Kita sesuaikan kemauan kita dengan kehendakNya
Rm. Gunawan Wibisono O.Carm
Rm. Gunawan Wibisono O.Carm
(Yer. 20:7-9; Rom. 12:1-2; Mat. 16:21-27)
Rm. Yohanes Endi, Pr.
Saudara-saudariku terkasih, minggu lalu kita mendengar pengakuan iman Petrus yang begitu indah: “Engkau adalah Mesias, Anak Allah yang hidup.” Karena pengakuan itu, Yesus menyebut Petrus sebagai batu karang dan mempercayakan kepadanya kunci Kerajaan Surga. Tetapi Injil hari ini memperlihatkan kepada kita bahwa orang yang sama, beberapa saat kemudian, justru harus ditegur dengan keras oleh Yesus. Mengapa? Karena Petrus memang sudah mengenal siapa Yesus, tetapi ia belum sungguh memahami jalan yang harus ditempuh oleh Yesus sebagai Mesias. Petrus menginginkan Mesias yang kuat, menang, berjaya, dan terhindar dari penderitaan. Ketika Yesus mengatakan bahwa Ia harus pergi ke Yerusalem, menderita, dibunuh dan dibangkitkan, Petrus merasa hal itu tidak mungkin terjadi. Ia berkata, “Tuhan, kiranya Allah menjauhkan hal itu! Hal itu sekali-kali takkan menimpa Engkau.” Bagi Petrus, penderitaan adalah sesuatu yang harus dihindari. Tetapi bagi Yesus, penderitaan yang diterima dalam kasih dapat menjadi jalan menuju keselamatan. Karena itu Yesus berkata dengan tegas, “Engkau memikirkan bukan apa yang dipikirkan Allah, melainkan apa yang dipikirkan manusia.”
Saudara-saudariku terkasih, teguran Yesus kepada Petrus sebenarnya bukan hanya ditujukan kepada Petrus. Ini juga merupakan teguran yang lembut tetapi tegas kepada kita. Betapa sering kita pun mempunyai gambaran sendiri tentang bagaimana seharusnya Allah bekerja dalam hidup kita. Kita ingin Tuhan memberikan jalan yang mudah, kesehatan yang baik, keluarga yang selalu rukun, pekerjaan yang lancar, usaha yang berhasil, dan kehidupan yang jauh dari masalah. Ketika kenyataan tidak sesuai dengan harapan, kita bertanya, “Tuhan, mengapa ini terjadi pada saya?” Kadangkadang kita bahkan berpikir bahwa kalau Tuhan sungguh mencintai kita, seharusnya hidup kita tidak perlu mengalami penderitaan. Padahal Injil hari ini mengingatkan bahwa mengikuti Kristus bukan berarti hidup tanpa salib, melainkan belajar menemukan Tuhan bahkan di tengah salib kehidupan. Salib bukan tanda bahwa Allah meninggalkan kita. Justru di dalam salib, kita belajar bahwa kasih yang sejati sering kali menuntut kesetiaan, pengorbanan, dan ketekunan.

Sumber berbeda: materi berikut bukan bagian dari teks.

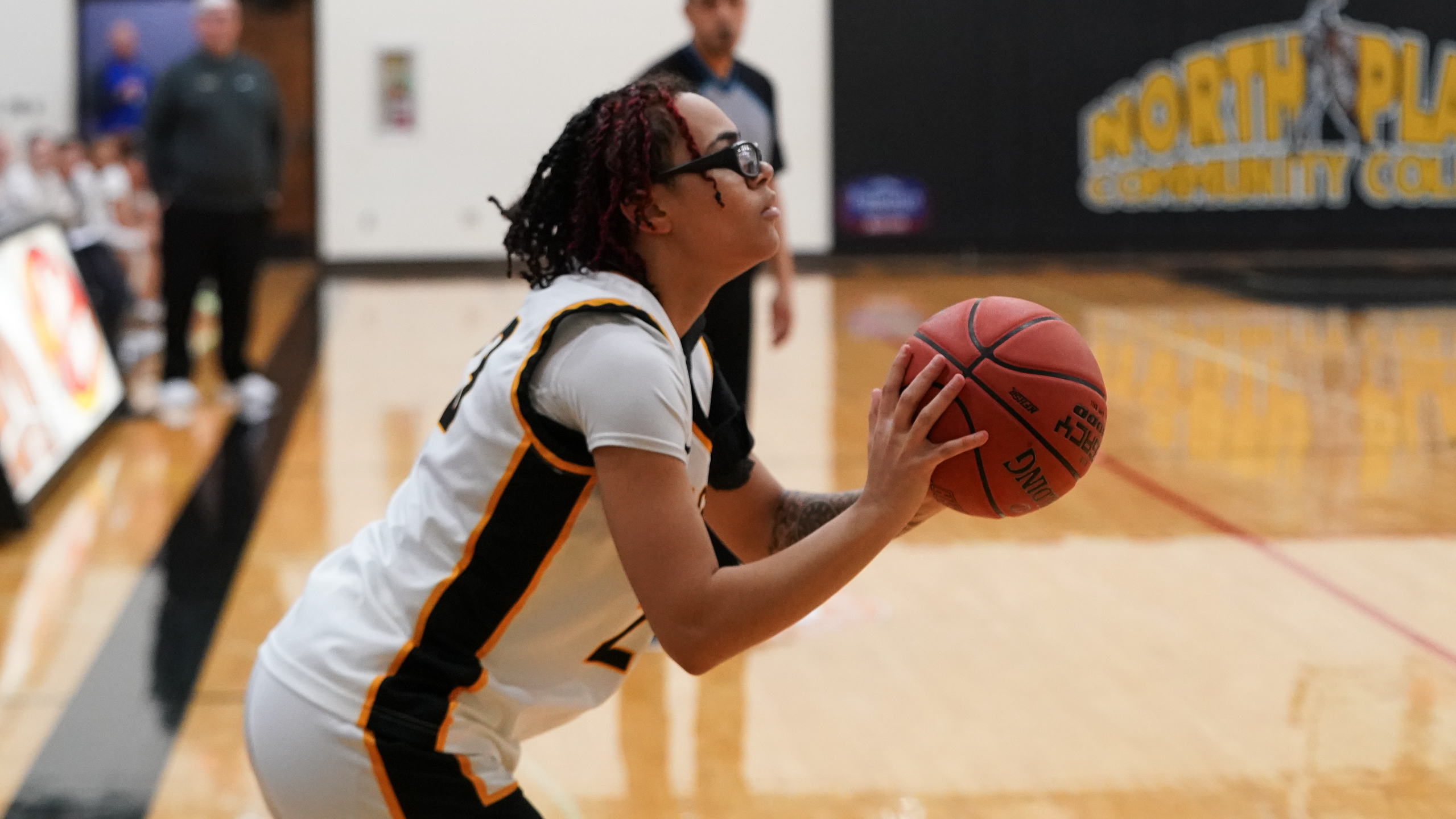 Knights fall in final seconds to Plainswomen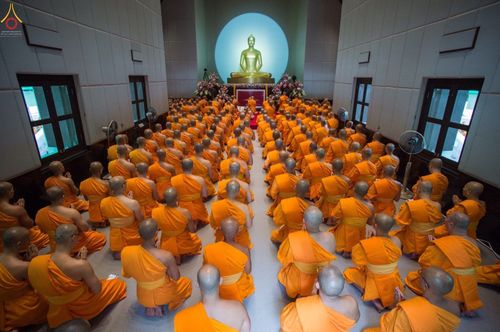 วันเข้าพรรษา แรม ๑ ค่ำ เดือน ๘ วันที่ ๙ กรกฎาคม พ.ศ. ๒๕๖๐ พิธีอธิษฐานพรรษา ของคณะสงฆ์ ณ อุโบสถวัดพระธรรมกาย จ.ปทุมธานี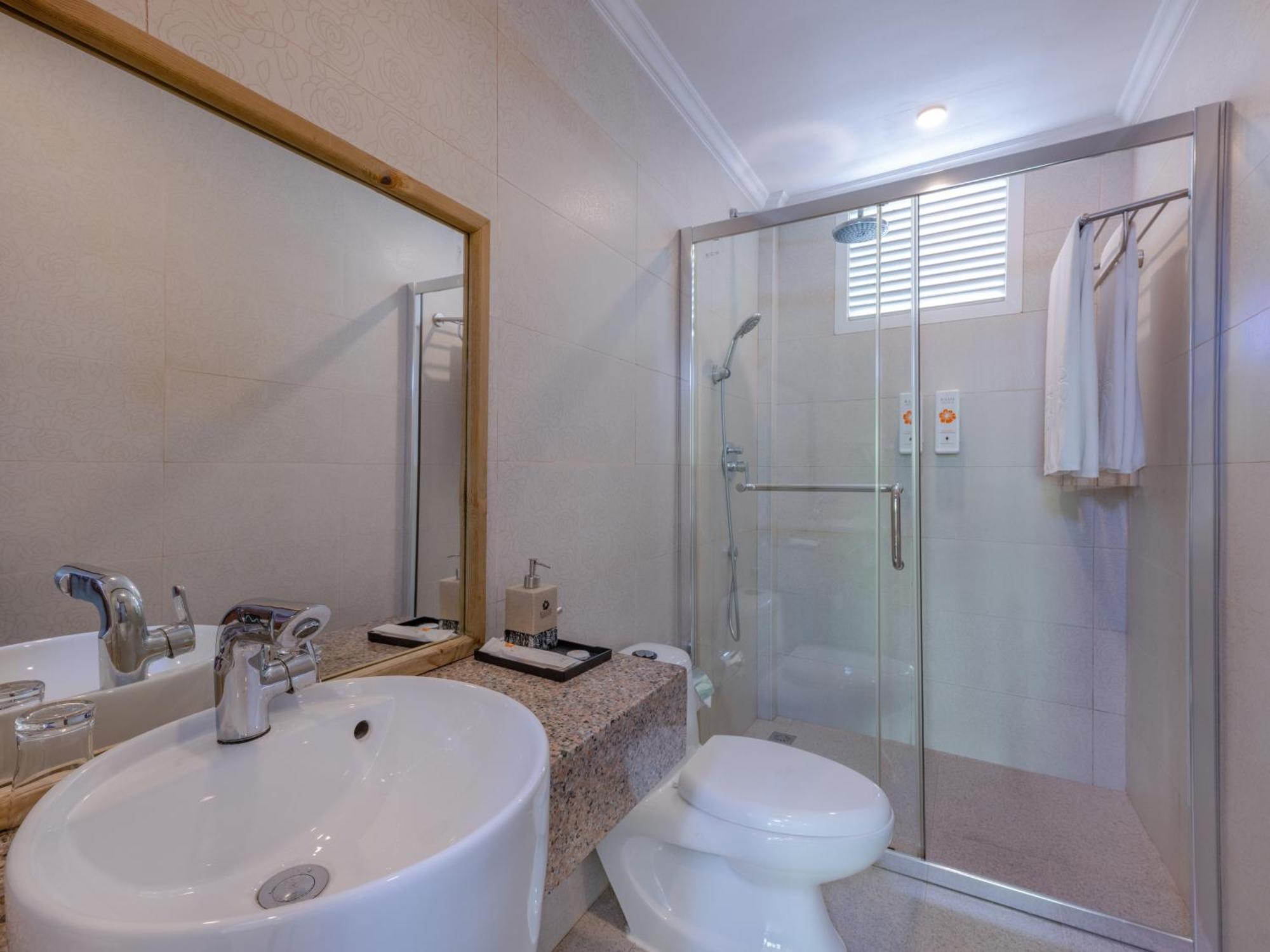 Deluxe Triple Room with Balcony and Sea View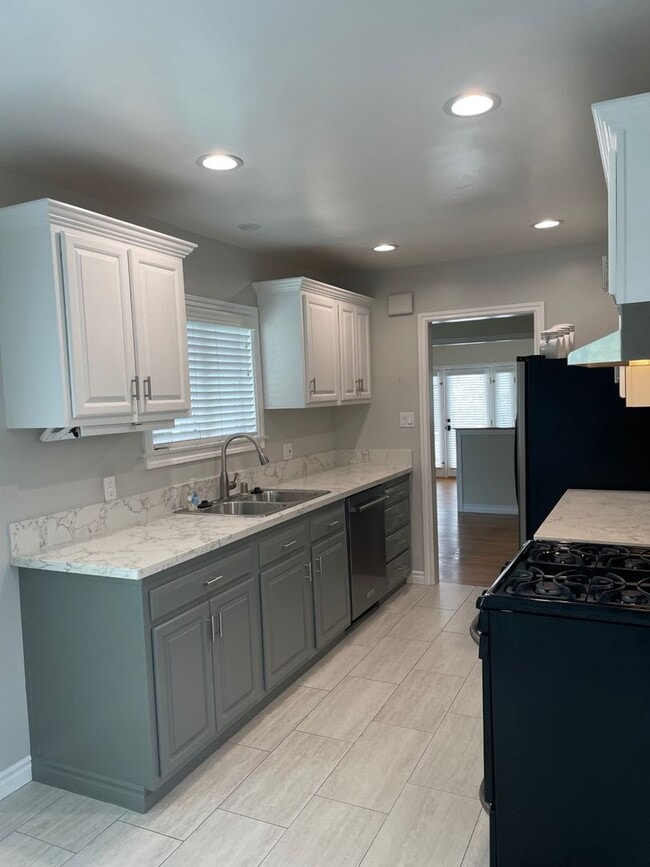 Building Photo - Beautiful Southwood Home for Lease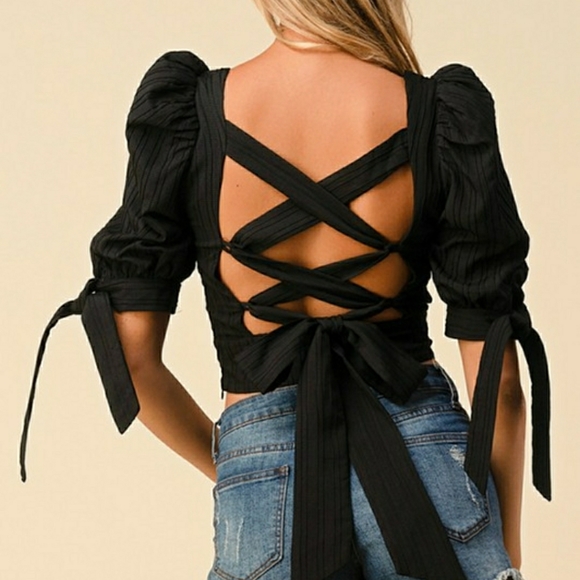 Plus size cut out tie blouse - Picture 2 of 3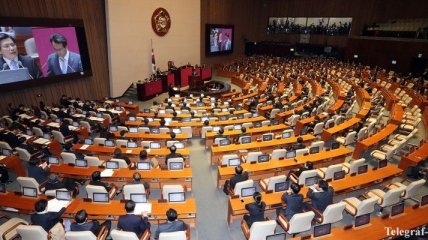 Парламент Кореи набрал достаточно голосов для импичмента президента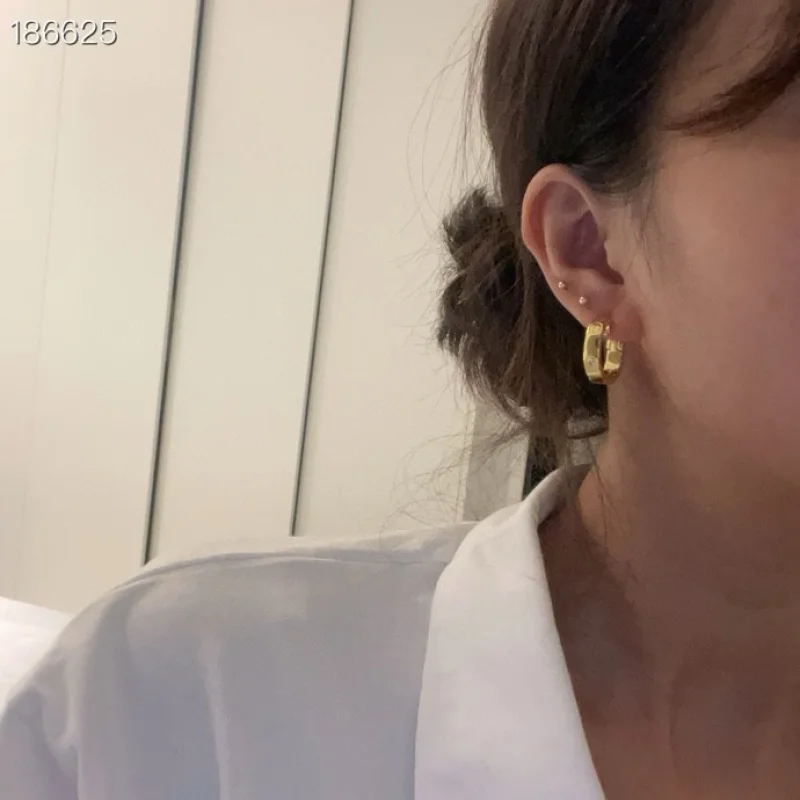新品カルティエスーパーコピー ソリティアピアス 256529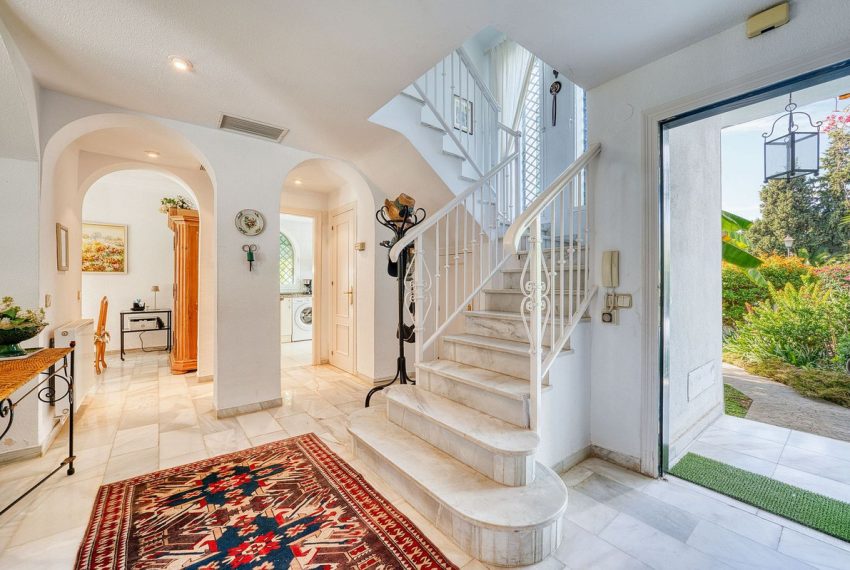 R5179537-Villa-For-Sale-Nueva-Andalucia-Detached-4-Beds-167-Built-6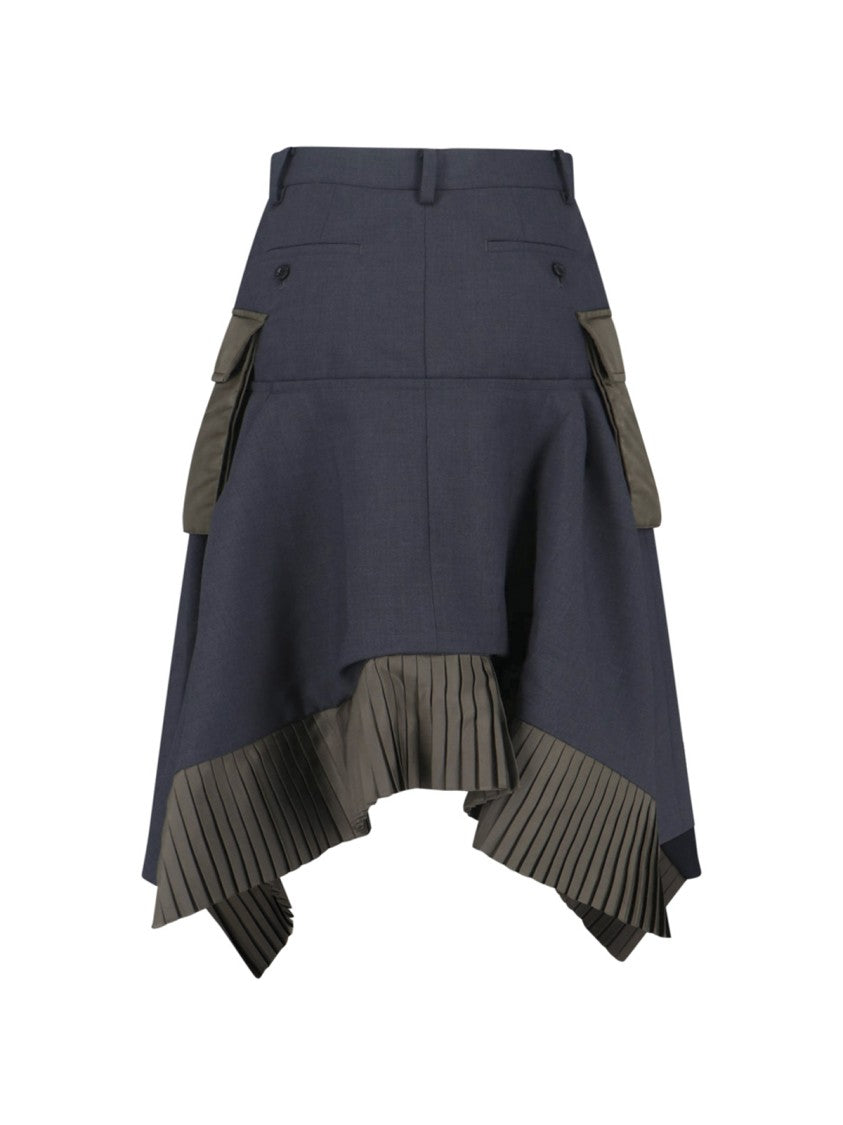 Sacai Versatile Grey Skirt With Smooth Texture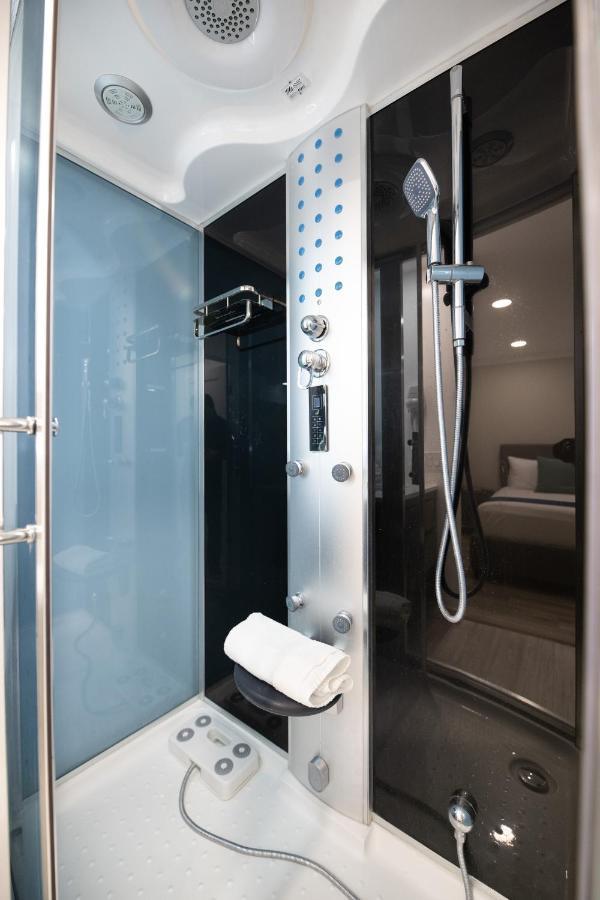 Omeo Suites Alhambra Extérieur photo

Hal yang sama kita temukan dalam diri Nabi Yeremia pada bacaan pertama. Yeremia adalah seorang nabi yang sungguh-sungguh menjalankan panggilannya, tetapi panggilan itu tidak membuat hidupnya menjadi mudah. Ia mengalami penolakan, penderitaan, kesepian, bahkan pergulatan batin yang berat. Ia sampai berkata kepada Tuhan, “Engkau telah membujuk aku, ya Tuhan, dan aku telah membiarkan diriku dibujuk.” Yeremia merasa lelah dan ingin berhenti. Namun kemudian ia menyadari sesuatu yang sangat dalam: “Apabila aku berpikir: Aku tidak mau mengingat Dia dan tidak mau mengucapkan firman lagi demi nama-Nya, maka dalam hatiku ada sesuatu yang seperti api yang menyala-nyala, terkurung dalam tulang-tulangku; aku berlelahlelah untuk menahannya, tetapi aku tidak sanggup.” Yeremia menemukan bahwa meskipun panggilannya berat, ia tidak dapat meninggalkan Tuhan. Ada api kasih dan panggilan Allah yang tetap menyala di dalam dirinya.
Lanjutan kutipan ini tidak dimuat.